RT-qPCR (protein recipe copy counting)

“Normal” PCR can take you far – but it only copies regions of DNA. Sometimes you want to take things to the next level… You want to copy things and get a readout while it’s copying. Oh – and it would be nice if you could start with RNA so that you could measure protein recipe copies (messenger RNAs) to see what a cell was probably making. Would that be possible? Yes! Enter Reverse Transcription Real Time quantitative PCR (RT-qPCR)!

Want to know how many copies of a protein recipe there are? Cue the qPCR! Just like a bakery might only serve strawberry pie in the summer and pumpkin pie in the fall, cells make different proteins at different times, and they alter the amount made based on demand by regulating how many copies of the messenger RNA (mRNA) recipe they make to give to the chefs (protein-makers called ribosomes).
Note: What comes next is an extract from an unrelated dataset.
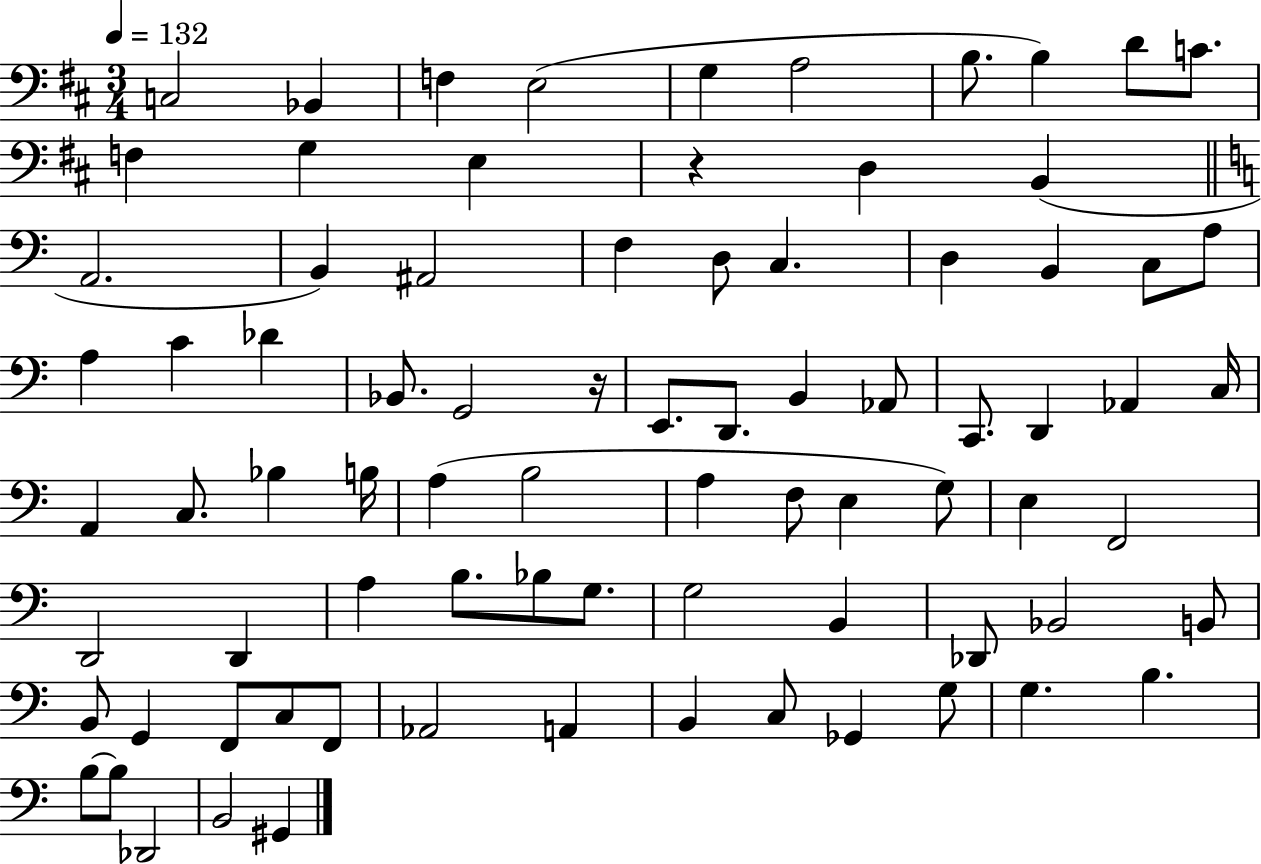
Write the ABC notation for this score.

If we can count the recipe copies, we can get an idea about how much of each protein is being made under different conditions, and quantitative PCR (qPCR) provides a way to do this by making copies of these copies and watching them exponentially amplify in “Real Time”

note: refreshed from February 2020, video added 2/22/22

more on the practical aspects of analyzing the data here: https://bit.ly/qpcranalysis

Quantitative PCR (qPCR) is a way to “count copies” of specific pieces of DNA – and when those specific pieces are DNA copies of RNA (like the RNA copies of protein recipes) we call it Reverse Transcription (RT) qPCR – RT can also stand for Real Time, which refers to the measuring – the products are detected as they’re made because of the fluorescence they cause (either because of generic dyes or specific probes) – unlike traditional PCR (Polymerase Chain Reaction) which you use just to make copies of defined stretches of DNA, with the goal of making as many copies as possible, RT-qPCR counts the copies as they’re made to figure out how many copies you started with.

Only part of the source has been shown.